If you can demonstrate how your product enhances safety, security or freedom, you’ll have a real shot at motivating shoppers to convert.

Belonging/Love

As hard as some people work to convince you they are individualists, no person is truly an island. Just about everyone needs to feel someone cares about them; that they are part of something larger than themselves.

This is why customer loyalty programs, book clubs, forums, shopping clubs and the like are so successful. They cater to this basic human need.

Esteem

This too accounts for the efficacy of clubs and loyalty programs. People feel good about themselves when they think they are part of something special.

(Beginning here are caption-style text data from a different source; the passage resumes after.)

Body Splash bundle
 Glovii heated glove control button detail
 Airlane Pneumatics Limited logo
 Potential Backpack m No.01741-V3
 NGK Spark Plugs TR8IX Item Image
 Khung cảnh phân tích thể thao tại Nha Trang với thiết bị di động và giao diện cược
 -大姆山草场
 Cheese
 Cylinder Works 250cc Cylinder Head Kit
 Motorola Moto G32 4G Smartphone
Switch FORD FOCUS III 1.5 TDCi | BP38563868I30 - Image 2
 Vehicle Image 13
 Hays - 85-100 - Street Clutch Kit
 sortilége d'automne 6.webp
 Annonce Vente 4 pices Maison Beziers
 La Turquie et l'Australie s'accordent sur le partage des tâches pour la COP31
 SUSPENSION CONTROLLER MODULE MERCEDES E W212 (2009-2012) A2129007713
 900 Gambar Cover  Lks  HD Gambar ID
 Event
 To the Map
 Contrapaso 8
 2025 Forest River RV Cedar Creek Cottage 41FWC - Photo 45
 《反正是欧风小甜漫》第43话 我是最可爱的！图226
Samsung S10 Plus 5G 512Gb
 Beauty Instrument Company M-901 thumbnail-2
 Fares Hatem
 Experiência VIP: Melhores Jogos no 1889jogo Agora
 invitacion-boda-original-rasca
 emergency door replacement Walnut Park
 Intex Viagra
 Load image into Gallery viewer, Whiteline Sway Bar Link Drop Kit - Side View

Ebooks online stores can leverage this by playing to the intellect of potential customers. Making volumes the “smart choice,” playing up shopper’s sophistication for buying books digitally, and reminding them how brilliant they are (in a heartfelt fashion) for shopping with you will endear them.

Self-Actualization

Achieving one’s full potential is a need experienced by most people, regardless of their level of education. Demonstrating the ways your product can help people in this quest goes a long way toward motivating them to buy into your pitch.

It’s no coincidence the U.S. Army settled on the tagline “Be all you can be.” This is a direct plea to the human need for self-actualization. Similarly, the people responsible for marketing Virginia Slims cigarettes back in the 1960’s—a product specifically targeting women—used the tagline; “You’ve come a long way (to get where you’ve gotten to today).”

As you’re designing your marketing campaigns, understanding how your products can serve customer motivation in this manner is vital to garnering the attention of consumers.

With that said, it’s best if your product really is capable of meeting people’s needs in a way that enhances their lives. Otherwise, like those Virginia Slims cigarettes, the marketplace eventually will out you for the charlatan you are—and deservedly so.

In other words, now that you have this knowledge, don’t be evil.